Importing Dataset from a Text File

Importing Dataset from a Text File

General overview

In Analyst you can import datasets from delimited text files (e.g. CSV). The process ends up with the newly created Analyst dataset linked with the current project, i.e., accessible to the user. One of the main advantages of using Analyst file importer is that all used import instructions are automatically saved as a template for later use on similar files. Some data providers have logs about maintenance of sensors, which can be imported in Analyst too.

To start importing files go to Menu > Dataset > Import > Import files.

Reading structure of files

After selecting the data file you got from your data provider, the import procedure will try to automatically detect its structure and content. In most cases, it requires some minimal effort to describe file structure for the first time.

#

Component

Description

1

Load template

Import template is a JSON text file (with the ".impt" file extension) storing all the import instructions used in the import process, see also the "Create new template" button. When the import template is loaded from the disk, the import instructions will be pre-filled according to the template. Users can always modify the values. Loading templates are only available at the start of the import process.

2

Add files

Add one or multiple files for importing. Selected files are added into a table named "Include files for import". Supported file types are all text data files and Excel files. Collect all necessary files for your dataset.

Remove files

Removes selected files from the "Include files for import" table. To remove all files, press CTRL+A and push the button or press the Del key. A single file can be also removed by the Del key.

3

Include files

Includes selected files for importing. After collecting all data files needed for your dataset (in the "Include files for import" table), you can find certain files with a different structure that will require another run of import procedure. You will include them in the next run.

Exclude files

Exclude selected files from the current import procedure. You can still include them in the next procedure.

4

Files for import

Table with three sortable columns: file (filename), worksheet (Excel sheet name if applicable), and folder. Each row represents one data file or one Excel worksheet. Users can multi-select the data files to perform include or exclude actions, remove files and push the "Use with each selected file" button (see below). Users can also include or exclude files by clicking the checkboxes on each table row. It is mandatory to include at least one file to continue with the import.

5

Column separators

Automatically detected one or multiple column separators. Not applicable for importing Excel worksheets.

6

Skip lines from top

Users can skip lines from the top of the text file or Excel worksheet.

Skip lines starting with

Another way of exclusion of certain lines. In some data formats, the header lines are indicated by a certain character e.g, "#". Works with text files and Excel worksheets.

7

Decimal separator

Decimal numbers formatting options. In some cultures, a comma is the decimal separator.

8

Thousands separator

Allows importing culture-specific numeric formats. Use one or more separators according to your input data.

9

File encoding

Only for text files. Users can select original encoding to properly read the data, especially the header. Default is UTF-8.

10

View original file

Only for text files. A simple preview window is provided for a selected file.
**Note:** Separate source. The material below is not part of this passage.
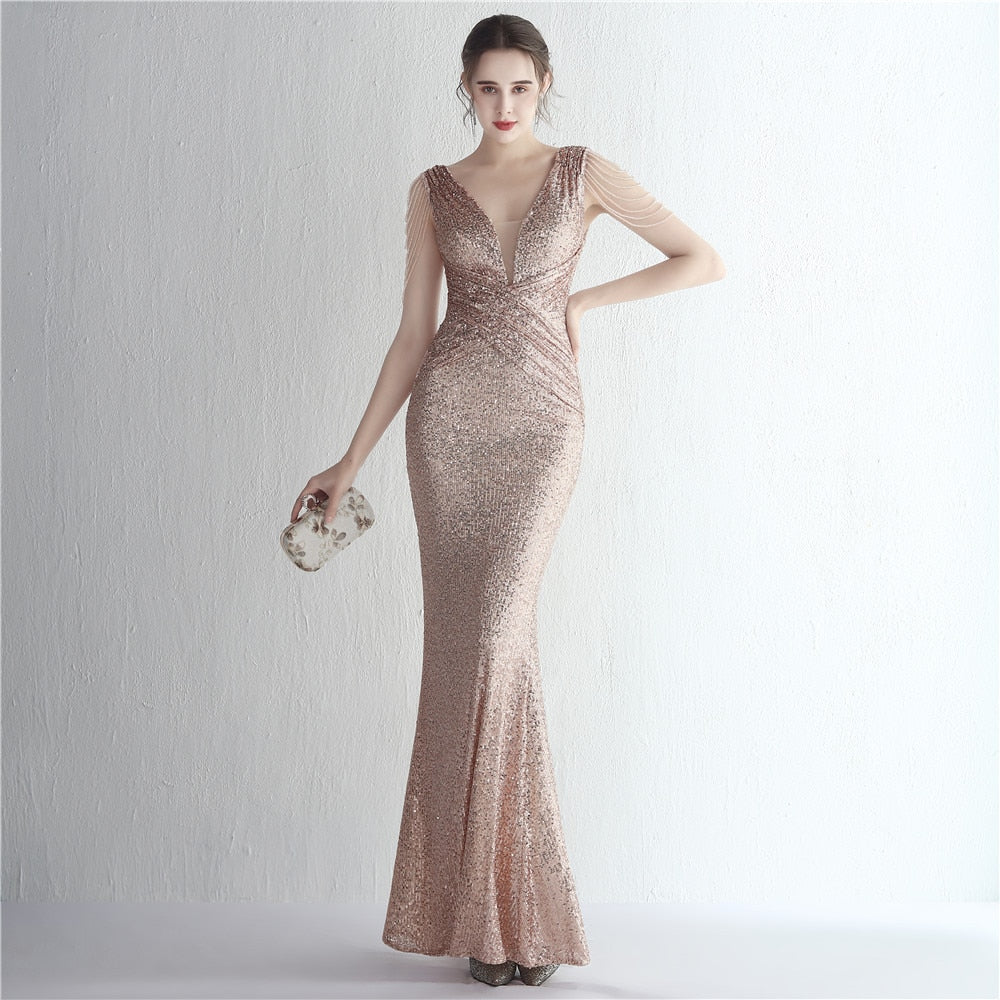 Evening wear Dresses: Evening Dress Long Mermaid Deep V Neck Sequins Maxi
The First 500 kilobytes of data is displayed for content inspection. 

11

Select columns for import

Data preview is displayed for any selected file (or Excel worksheet). Users can check if the reading instructions were properly applied. The First 1000 rows are displayed in the preview. The user is asked to select at least one column for import (mandatory step to continue). Usually, the user will select column(s) with time information plus data columns. IMPORTANT: current selection of columns will be applied across all files included in the import process. If you have multiple different structures in your files, perform more separate import procedures.

Clear

Clear the selected columns in the "Select columns for import" table.

Select all

Selects all columns in the "Select columns for import" table. The same action can be performed by pressing CTRL+A keys.

12

Record number with column names

The record where the column names are. Use zero for files without a header or if you want to not keep existing columns names.

13

Read files in chunks

Reading big files in chunks prevents the import process from consuming all the available RAM memory. This option has effect only with text files and it will be enabled automatically based on data size and available RAM.

Recognizing timestamps

One the of key steps during the import process is to make sure that time stamps will be correctly imported. For that purpose, Analyst provides a specific tool.

#

Component

Description

1

Select columns with date and time

In the data preview table (showing 1000 top records) user is asked to select all columns having time information. This step is mandatory. Analyst will not store data without time information.

2

Date and time format examples

When building your actual time format (in the "Active formats" table) users can get inspired by common date and time formats. Analyst uses format notations presented here: Date and time formats. You can make selected formats active either by double-clicking the item or by pushing the button "Use selected format".

3

Use selected format

Make selected example time format as active. The "Results" section is immediately refreshed for the top 1000 records.

4

Active formats

Analyst will try to auto-detect the time format according to data. Users can modify the format by double-clicking on it. Users can add more formats from examples and later modify them. If no explicit format is included, Analyst will try to parse timestamps anyway (can be slow). It is recommended to use explicit format unless the format is ISO 8601 in all records.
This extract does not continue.